The one that got away was Anew, whom Sigler wanted to claim for $35,000 last October. Trainer Steve Asmussen claimed him that day, and since he was gelded over the winter Anew has won 4 of 5 starts, including the Grade 2 True North.

Because of Contessa, Sigler has purchased several 2-year-olds either privately or at auction. One of the first to run was Solid Strike, who won a New York-bred race here at first asking and who is being pointed to the Aspirant at Finger Lakes on Aug. 19.

Jamie-Lynn Sigler owns a small piece of Forest Star, an unraced 3-year-old daughter of Forest Camp who is likely to debut at Saratoga. Brian Sigler, one of Stephen's sons, has part-interest in seven horses.

"Jamie likes it because I like it," Stephen Sigler said. "[Forest Star] was the first 2-year-old I ever bought with Gary, and I asked Jamie if she wanted to be involved and she said yes."

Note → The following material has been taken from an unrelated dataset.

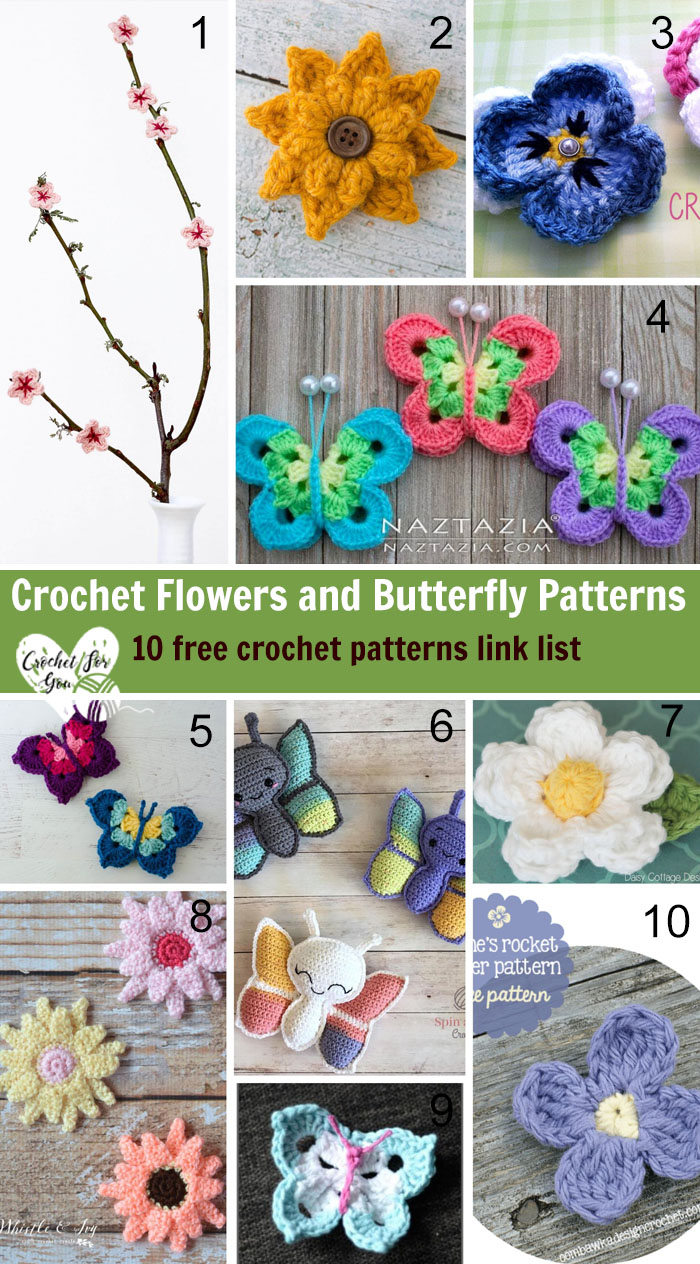 Sweet Crochet Butterfly Applique - Free Patterns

Contessa said he has been grateful that Sigler has come into his barn. Though Sigler and Maggi Moss, another Contessa client, both like to claim, Contessa said that Sigler always defers to Moss.

"He always says, 'Maggi can have the horse,' " Contessa said. "The guy is very good as far as that goes. Having Steve Sigler come into the barn with that many horses works very well. Nobody in this business can have too many friends, and he's a good friend."